We have a very diverse fish propagation program with multiple species. Some are spring spawners – pike, walleye, pallids, and paddlefish. Some fall – Chinook salmon. Some in the dead of winter – burbot. So there is a constant change of events at the hatchery. We are open year around and welcome visitors. Large aquariums are located in the visitor center to observe native fish in 400 gallon aquariums. Hiking trails provide a great opportunity to see the outdoors. The trails follow a creek and wetlands area and loop back through a cottonwood forest along the Missouri River. The winter months bring a solitude to the hiking trails and an opportunity for snowshoeing or cross country skiing on a groomed trail.

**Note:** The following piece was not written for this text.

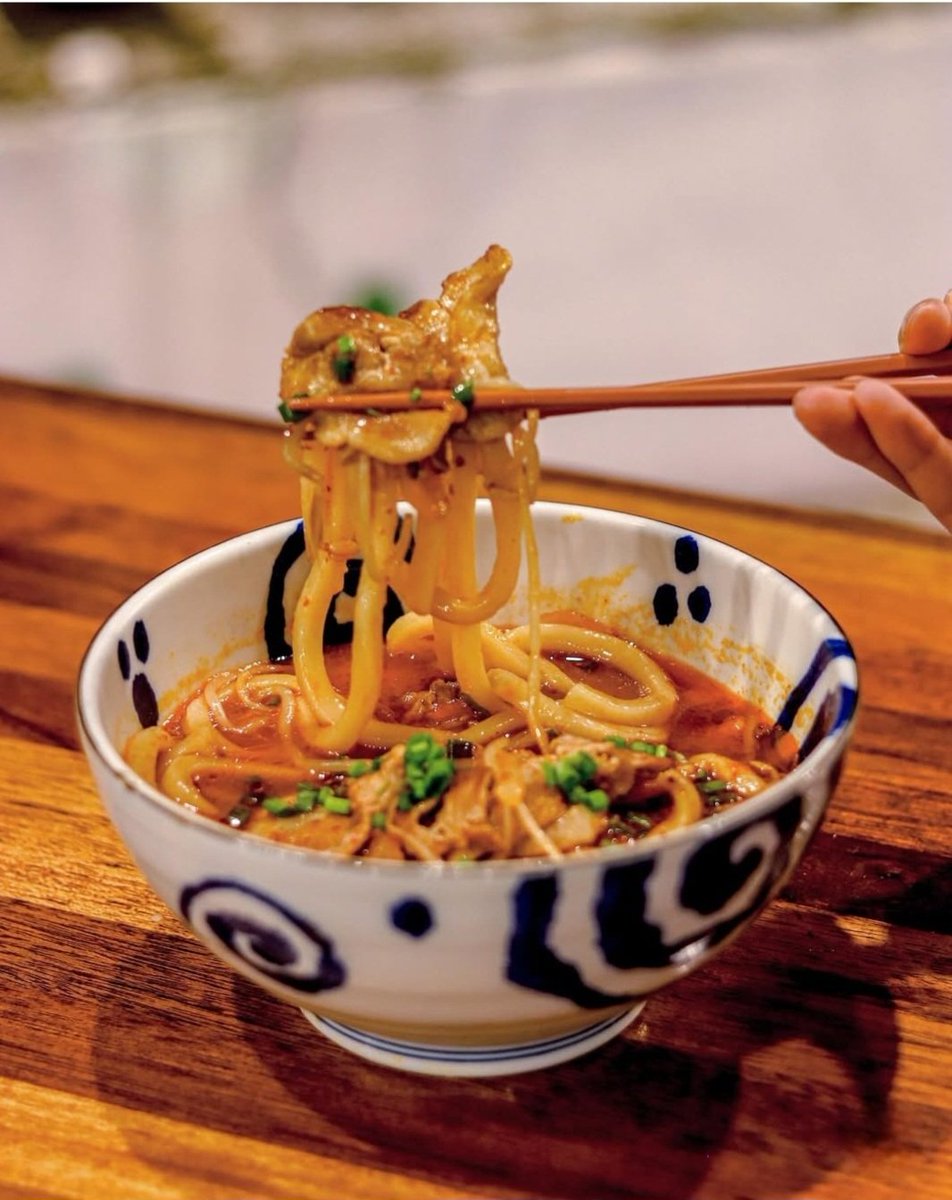 ☔️🌾🌾쌀쌀하고 축축한 날씨엔 모다??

The hatchery is open year around from 8 AM to 3:30 PM (closed on Federal Holidays). Summer Hours: Mon-Fri 8:00 AM - 3:30 PM Sat, Sun & Holidays 10:00 AM - 3:00 PM.
If you enjoy the outdoors and are up for a walk the hatchery has over three miles of trails that provide an excellent opportunity for wildlife observation or simply enjoying the great outdoors. Birders will find the trail a productive one as many of the feathered species found in this state may be observed along the route. Come often as the experience changes with the seasons. Trail access is available from several locations and is open year around. You will have the opportunity to cross country ski on a groomed trail during the winter months as the weather permits. You won't be disappointed.

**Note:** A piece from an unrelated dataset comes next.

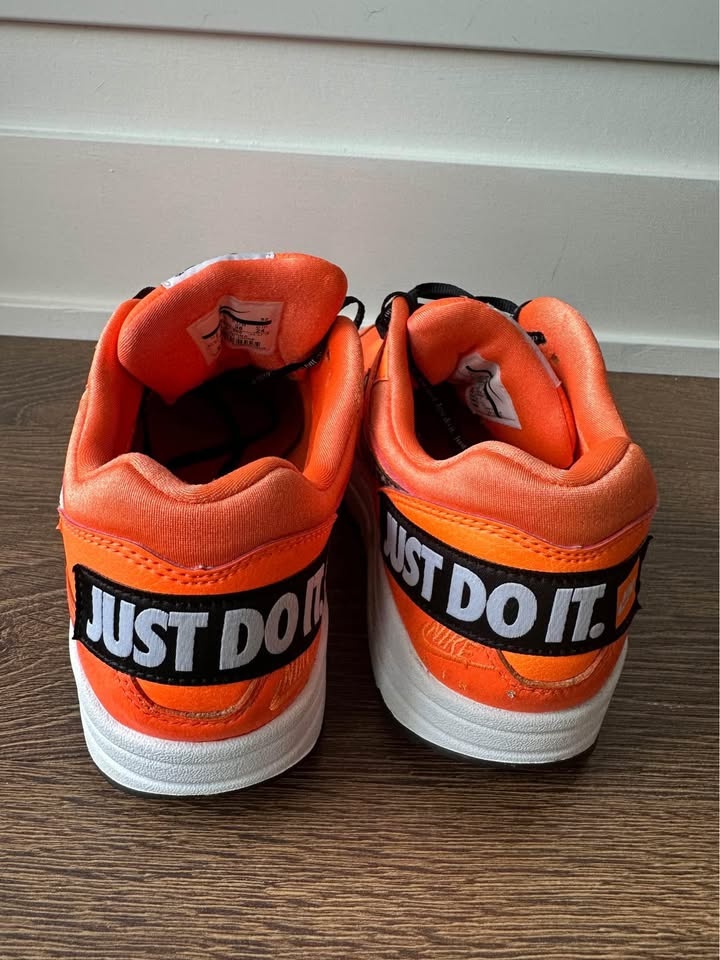 Women’s Nike Air Max 1 Just Do It - Size 7 - photo 5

The hatchery is also a proud participant in the annual Physically Challenged Children's Fishing Derby in conjunction with the Great Planers Trout and Salmon Club. The hatchery is located in a recreation area that draws in an excess of 2 million visitors annually.
The hatchery has 3.3 miles of graveled trails made up of two loops, the Hatchery Loop and the River Loop. The River Loop incorporates the Wetlands Trail and the Lewis Clark Trail. The Hatchery Loop provides access to the hatchery visitor center and aquarium as well as the salmon run.
Wetlands Trail Loop
The path you are about to take will enable you to experience a wetland. This wetland was first brought to you compliments of a beaver that dammed the effluent stream feeding from the hatchery. With the completion of the dam, a wetlands was formed which provided homes to a wide variety of birds, mammals, fish, plants, and insects. As you move along the path, take frequent stops to observe your surroundings. Allow yourself to become relaxed and listen to the sounds of nature. Along the route are interpretive signs that will assist you with wildlife identification. Benches and a waterfowl observation blind have been provided for your enjoyment.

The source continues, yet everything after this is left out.